Tuesday, September 23, 2008

Dante for Reason

Among the humiliations Wilde suffered after being sent to prison were not only compulsory silence - prisoners were forbidden to speak to one another - but deprivation of books. All he had in his cell at Pentonville, apart from his bed (a plank laid across two trestles), were a Bible, a prayer book and a hymnal. When at last his sympathetic MP won him permission to have more books, Wilde nominated Pater's The Renaissance along with the works of Flaubert and some by Cardinal Newman. These were allowed, but only at the rate of one a week. Moved to Reading Gaol, he found himself under a more sympathetic prison governor. His book request lists after July 1896 show him developing an interest in more recently published titles, including novels by George Meredith and Thomas Hardy.
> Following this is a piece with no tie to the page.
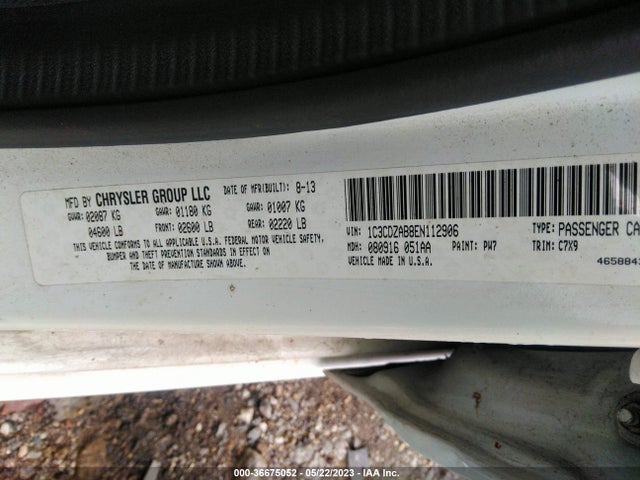 Dodge AVENGER SE 2014 1C3CDZAB8EN112906 Image 9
Wilde later said that he also read Dante every day in prison and that Dante had saved his reason.
from Brenda Maddox's review of Thomas Wright's Oscar's Books

2 comments:

Tim J. said...

See... Oscar Wilde, there's someone else I've been meaning to read.

Joe said...

Other than The Selfish Giant (a short fairy tale) I've read no Wilde. I did get to see his tomb in Pere Lachaise, though. Eventually I'll get around to reading Joseph Pearce's bio of him and then select something of Oscar's. There is just so much good stuff to read!